I have been asked to expand upon the spam example from yesterday's Foundations of Complexity lesson. To do this let me go into a little background on computational learning theory.

The basic model for learning theory has examples given as strings and labelled positive or negative. From these labelled examples, one comes up with a hypothesis that hopefully will classify future examples well.

In PAC (Probably Approximately Correct) learning you want an algorithm that takes labelled examples generated by some distribution and will output some hypothesis that will high confidence will usually classify future examples drawn from the same distribution.

One simple approach is the Occam algorithm based on the Occam's Razor principle "when you have two competing theories which make exactly the same predictions, the one that is simpler is the better."

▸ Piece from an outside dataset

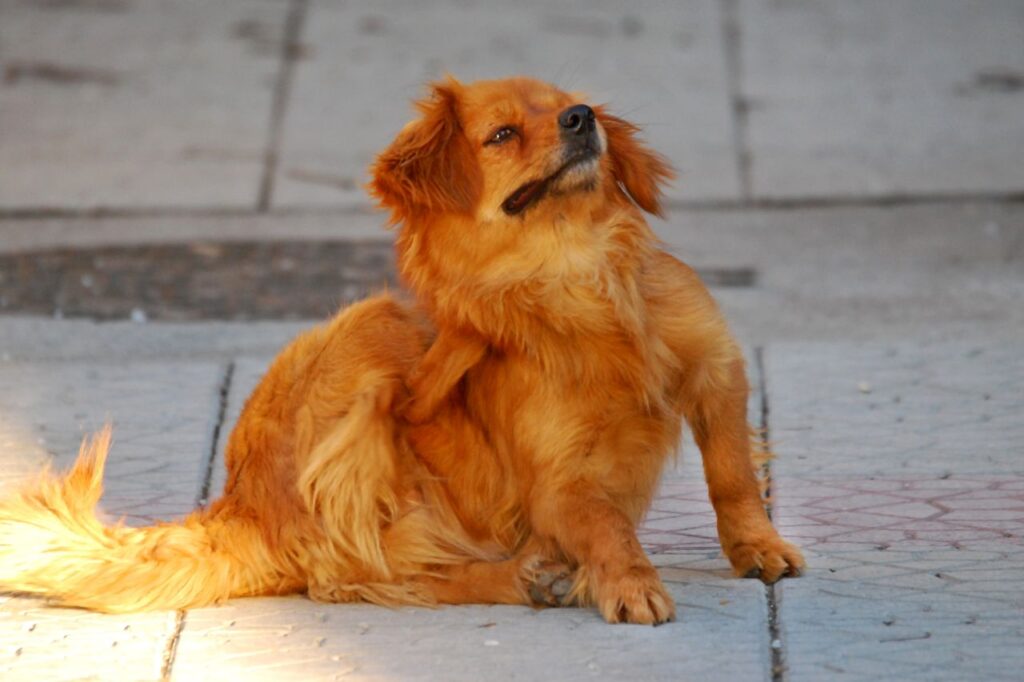 Cachorro se coçando muito: o que pode ser?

The Occam algorithm works by finding the smallest representation of a hypothesis consistent with the labelled examples and using that hypothesis to predict future examples. There is a theorem in learning theory that says this algorithm works well with the number of samples roughly the size of the smallest representation.

Let us focus on the problem of identifying spam using general circuits, a collection of AND, OR and NOT gates that capture computation. We'll talk more about circuits in a future lesson but just think of the running time of an algorithm as roughly the size of the equivalent circuit.

Given a collection of emails each labelled either as SPAM or NOT SPAM, the Occam algorithm requires us to find the smallest circuit that correctly labels all of these emails. In general finding such a circuit could be hard but under the assumption that P=NP this is an easy task. By the result mentioned above this circuit will likely classify SPAM correctly most of the time in the future.